LG showed off its LG Signature OLED T (for transparent) product. A fish tank-esque piece of equipment, the OLED T utilizes LGs Zero Connect Box to wirelessly stream content to the display, allowing the TV itself to stand free of cables and resemble a unique piece of furniture. Contrast film can be unrolled to give the display a traditional TV look, but when down the images on screen appear to almost float on the display.
Per on-site reviews of the OLED T demo, the picture, while strong, wasn’t quite up to the level of some of LG’s strongest OLED displays. So, it seems there will certainly be a little give-and-take with the OLED T.
Not to be outdone, Samsung showed off a transparent display of its own in the form of the first-ever transparent microLED screen. For its part, Samsung said that its transparent microLED display would produce not only a brighter and more vibrant image, but it claims that the microLED technology will also make it an easier display to see through compared to other transparent displays. To help showcase its technology, Samsung put one of its transparent displays in front of another non-transparent one that had a cityscape pictured. The transparent display then began a fireworks show on top of the cityscape.

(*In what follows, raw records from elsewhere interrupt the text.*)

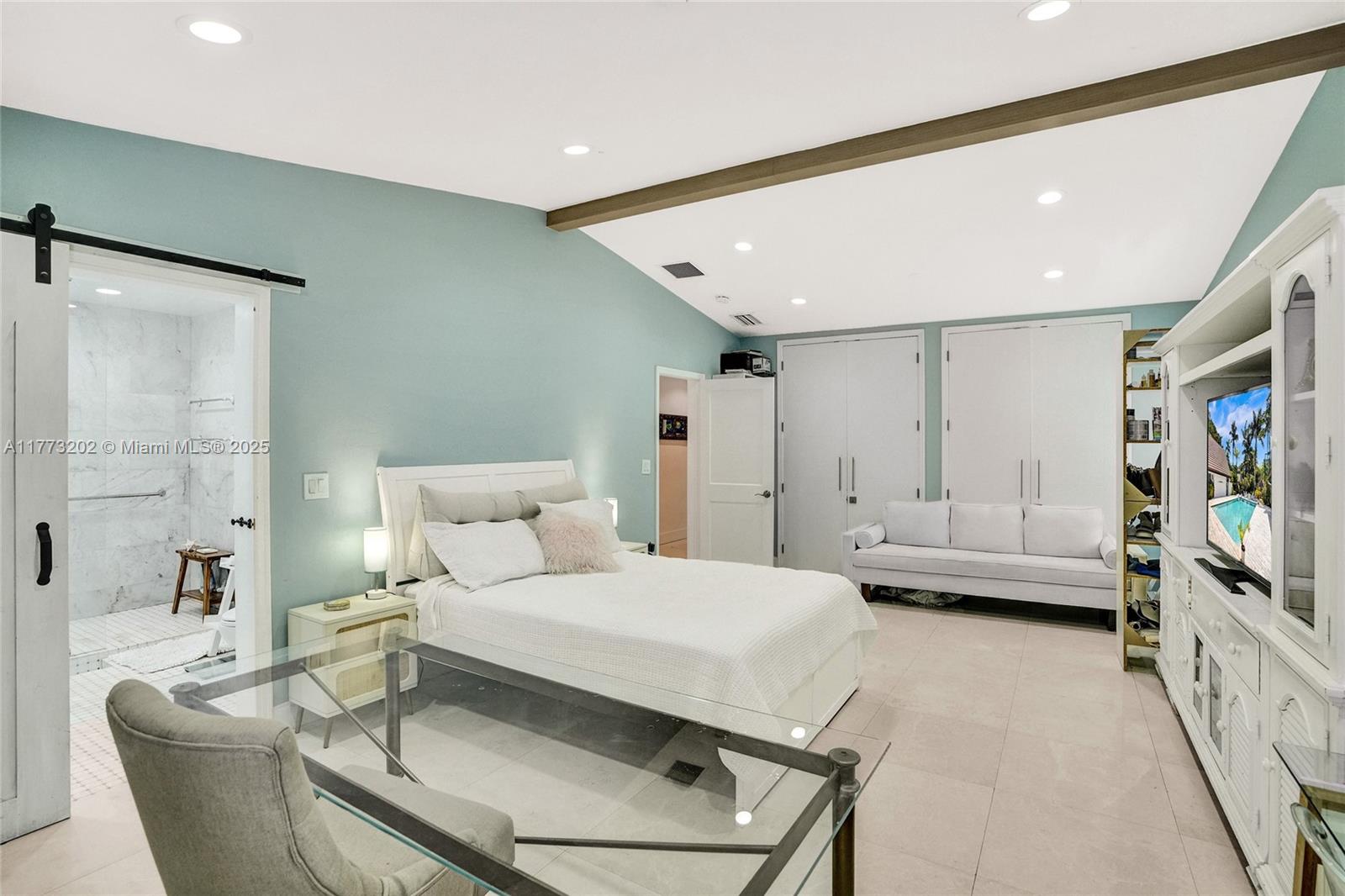 OAKRIDGE ESTATES SEC 2 - Residential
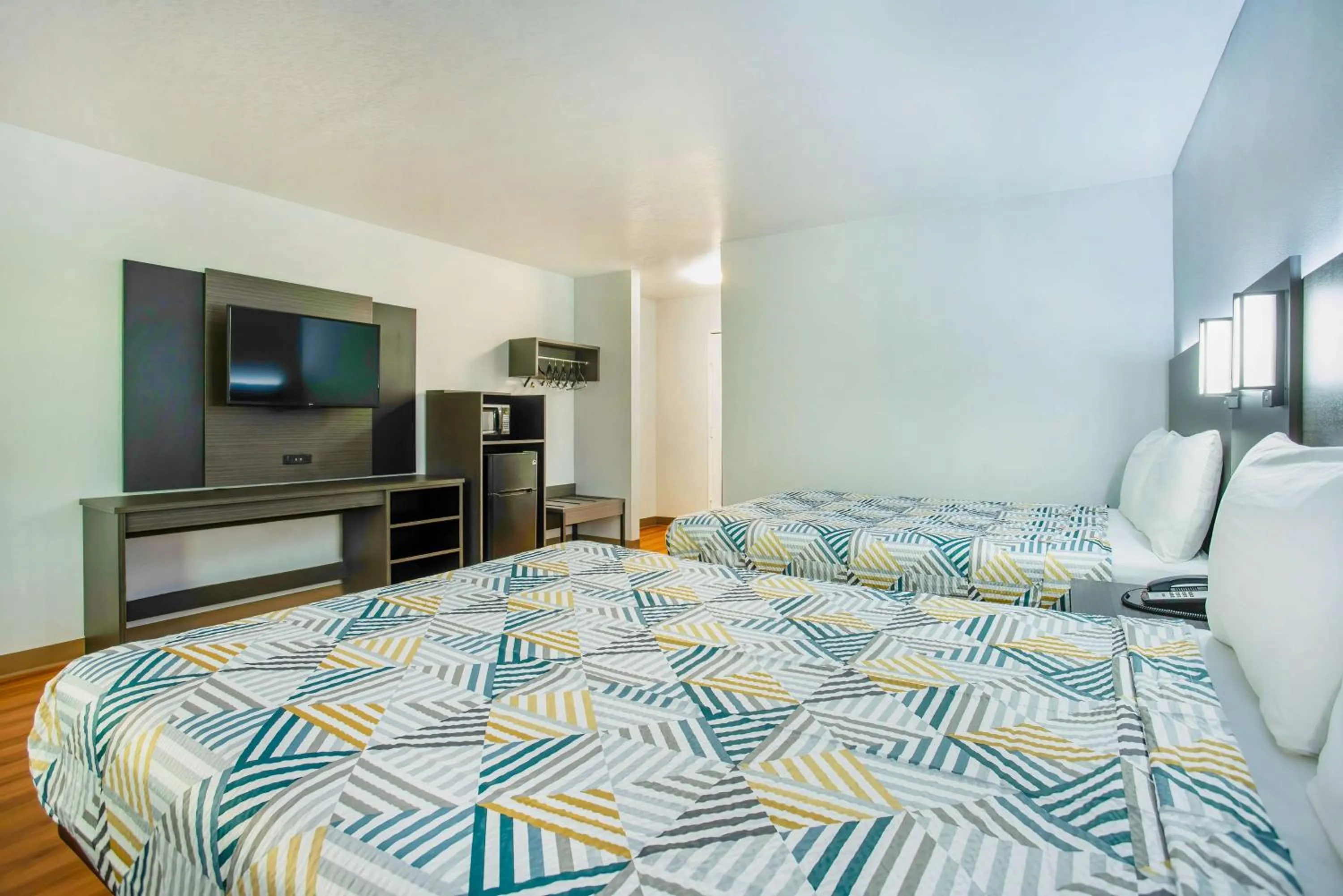 Bedroom, Bed in Motel 6-Gresham, OR - Portland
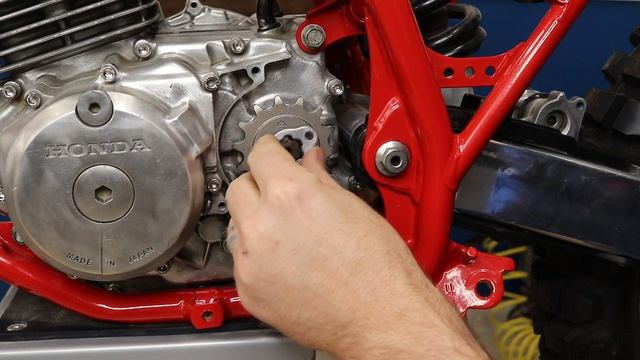 Assembly Part 4: XR250 Drive Chain and Component Install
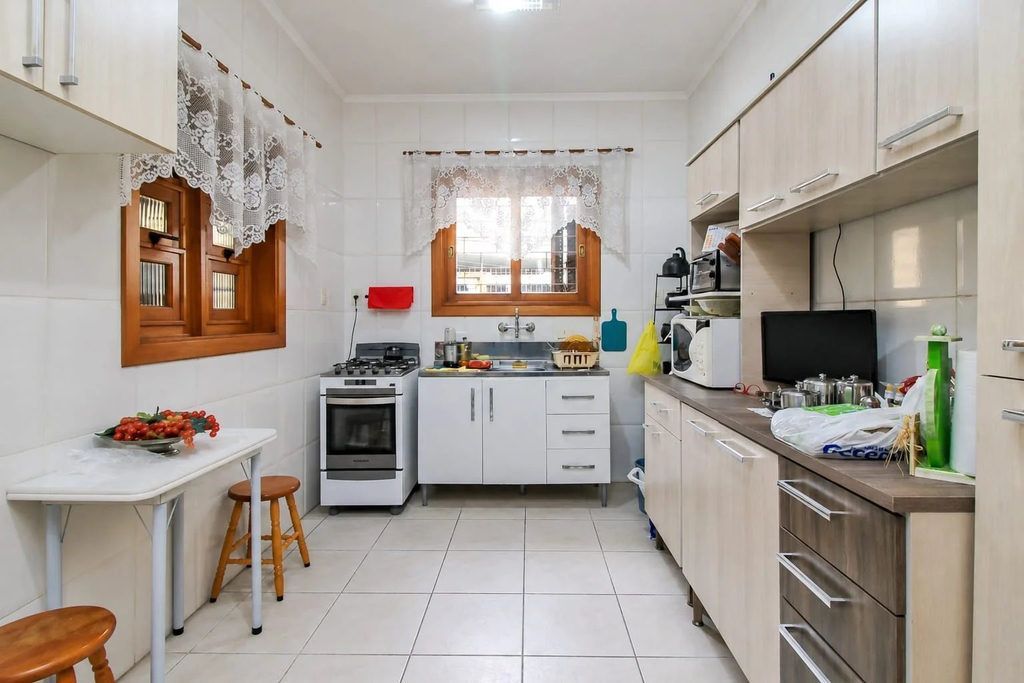 Casa com 219m², 3 dormitórios no bairro Santa Cecília em Porto Alegre para Comprar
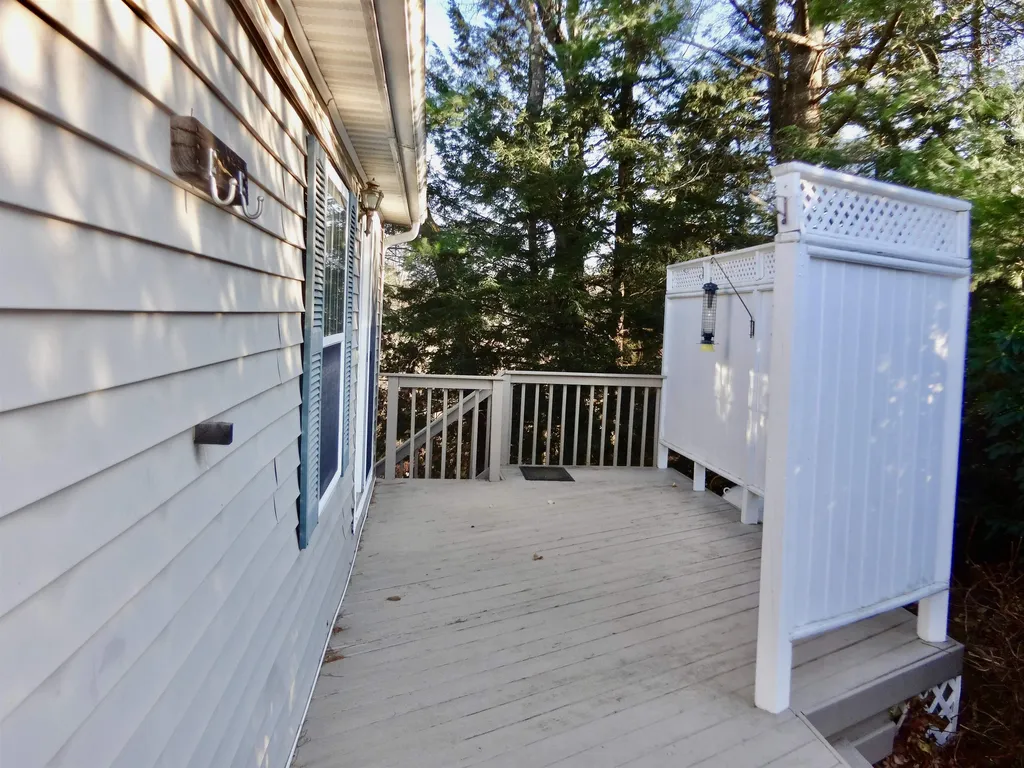 23 Magnolia Lane Belmont NH 03220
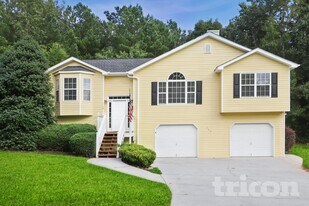 115 Fairfax Dr in Rockmart, GA - Building Photo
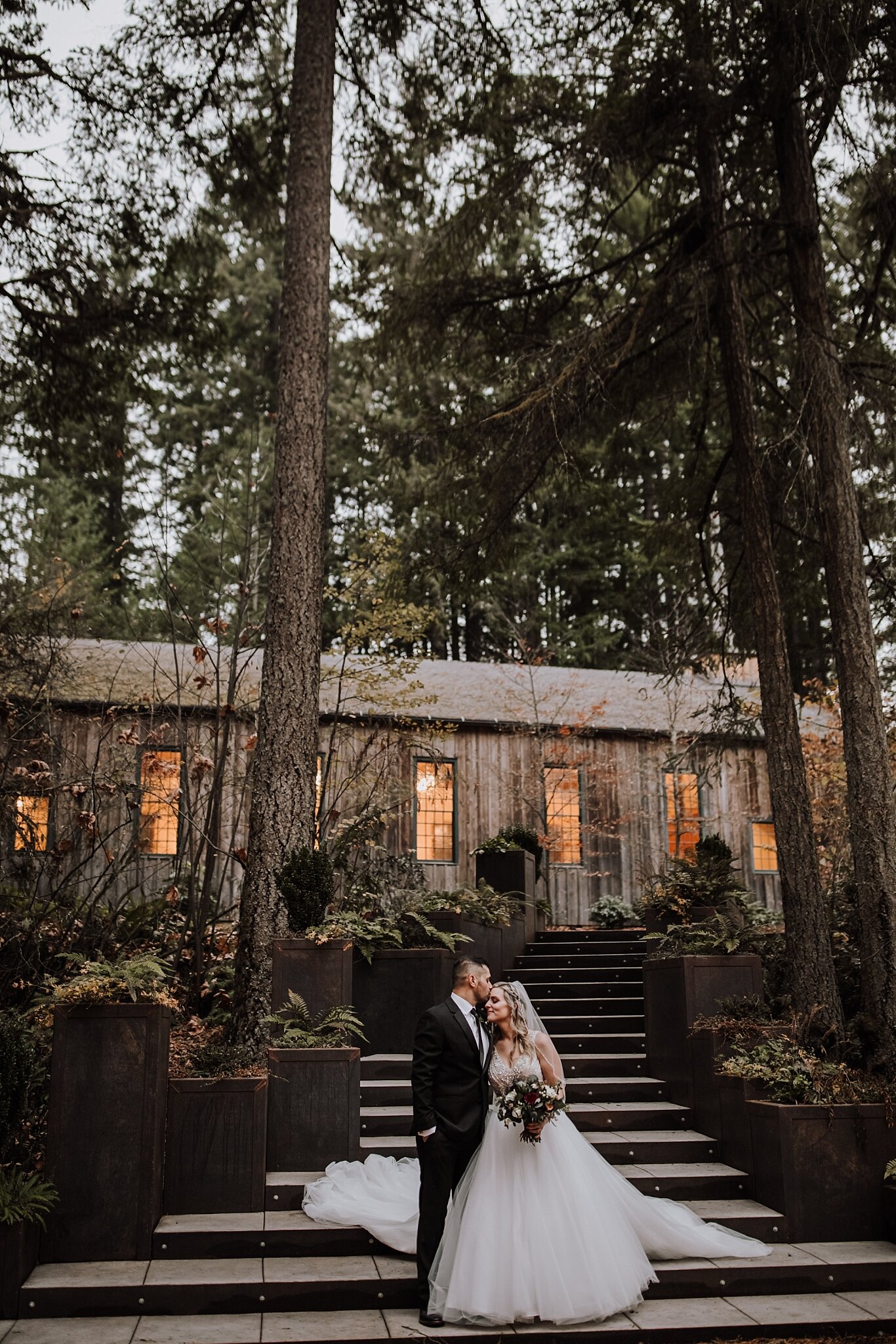 Portland Oregon Lincoln City Wedding Photographer (76).jpg
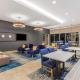 La Quinta Inn & Suites by Wyndham Kansas City Beacon Hill, Kansas City - Foto 4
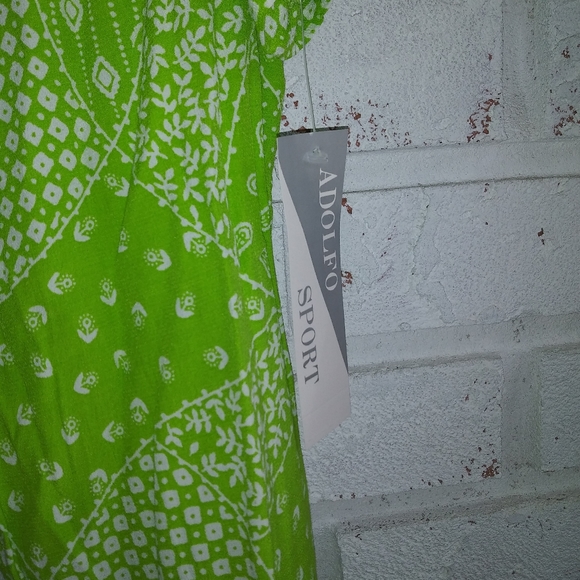 NWT Green and white Blouse from Adolfo Sport - Picture 3 of 4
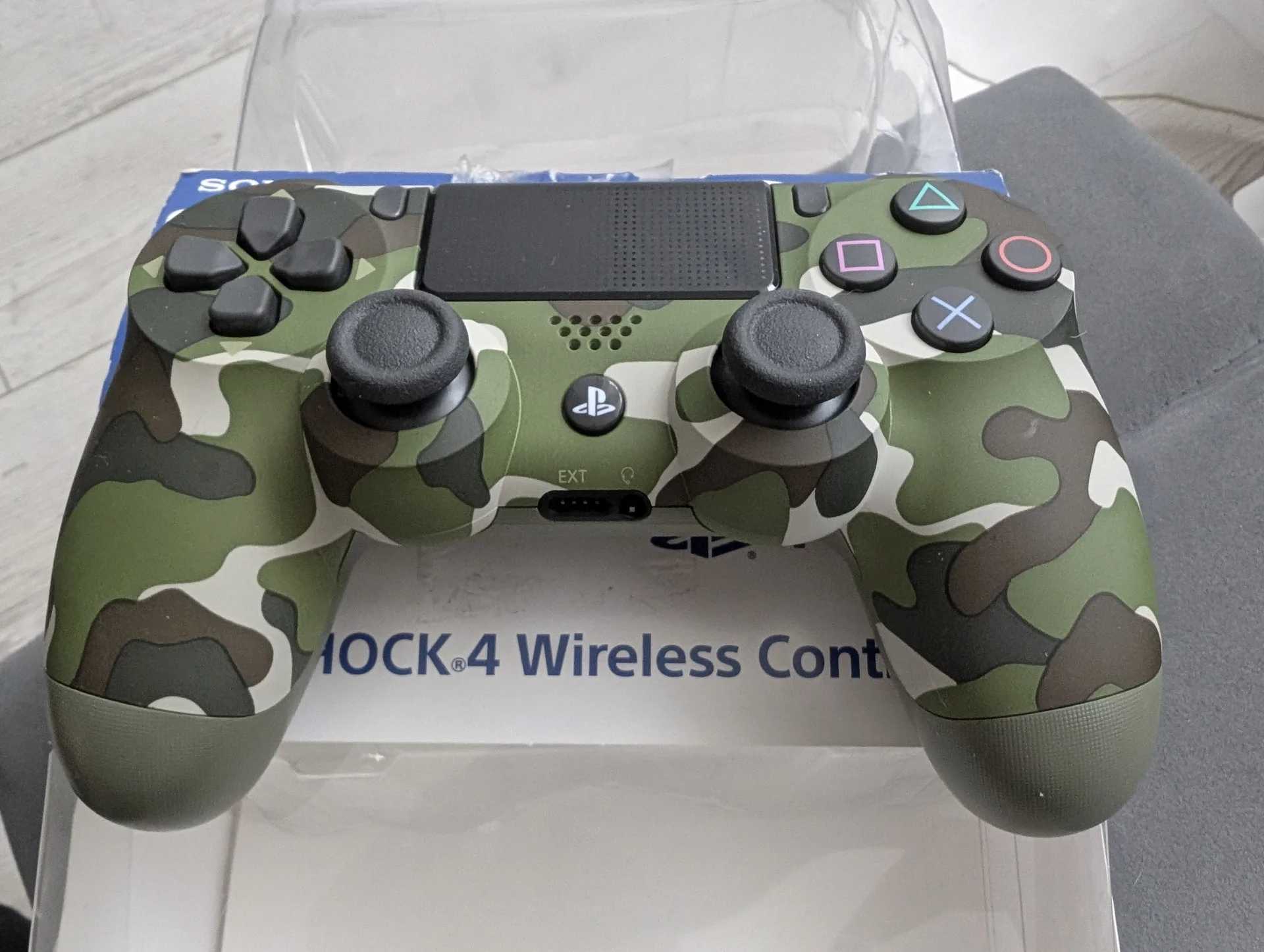 Sony Dualshock v.2 PS4 - миниатюра 2
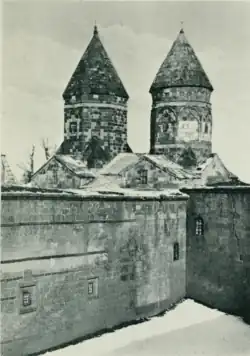 Tambours et dômes de Sourp Stepanos et de Sourp Karapet, 1893.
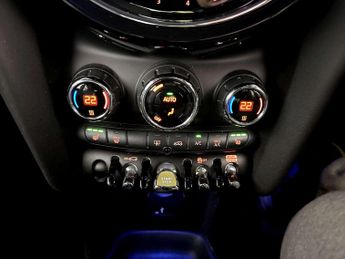 MINI Electric Hatch Cooper SE 32.6kWh Level 2 Hatchback 3dr Electric Auto (184 ps)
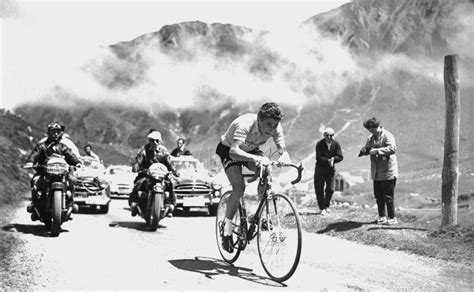 CYCLISME - TOUR DE FRANCE. Cent ans de maillot jaune : Jacques Anquetil ...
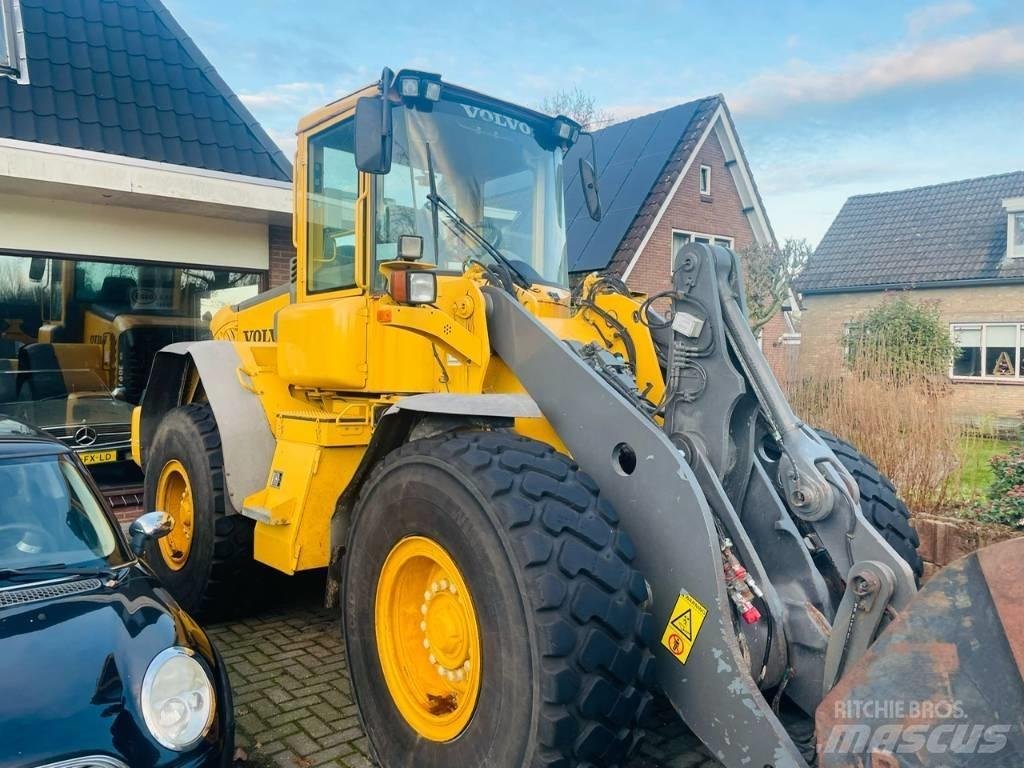 Volvo L90E Pale gommate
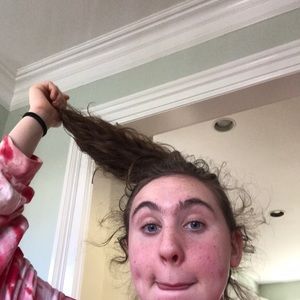 Meet your Posher, Carly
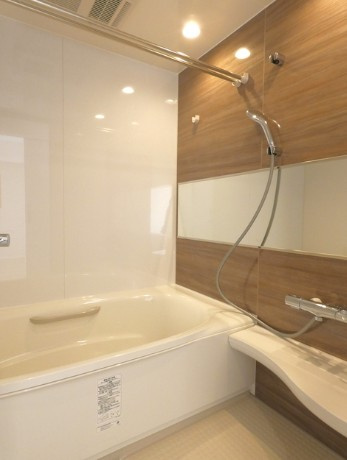 Ｗｉｓｔｅｒｉａ　Ｎｉｓｈｉａｒａｉの浴室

What’s unique about these transparent displays – no matter the brand or posturing over who does it better – is the depth they provide to the pictures displayed. The fireworks in the Samsung demo appear to actually be happening in the city pictured. LG’s film-less demo showed fire rolling across the display, which actually made it seem like the inside of the box was in fact on fire.
The natural question around this type (or any) type of new technology is why do we need it, followed up by who’s going to want this? The ‘why’ has everything to do with what’s been happening in the design world over the past few years. There’s a clear and distinct desire to do something about the large black box that sits in the center of any living room. Designers and consumers alike are looking for ways to better utilize that space or hide the TV altogether. LG’s rollable TV of a few years ago, the Samsung Frame TV, these transparent displays – they all attempt to address the distaste of wasted space in the living room.
And there’s evidence that points to this being more than a fad. The aforementioned Samsung Frame TV has generated enough success for that brand that Samsung, at this CES, unveiled a speaker lineup inspired by the same concept. The Music Frame is a customizable speaker that resembles a picture frame on the wall but features built-in woofers along with intelligent audio-processing tech. It can pair with the latest Samsung TVs and soundbars or operate as a standalone speaker.
Circling back to the transparent displays, LG’s OLED Signature T is the only model that appears to have a target launch date within the 2024 calendar year. The other unknown is what these transparent displays will cost. Though, looking at previous advanced technology TV launches, a safe estimate might be within the five-figure range.
And that brings us to the latter question: Who’s going to want these displays? Early adopters, of course. Customers that can’t wait for the second generation of a new technology. They’re out there. They’re in your communities. And when something like this launches they’ll be the ones to search you out and find you.
Because, like every other major tech launch, this is something that needs to be experienced in person before the big purchase decision is made. And consumers will only get the best possible in-person experience from their local independent retailer.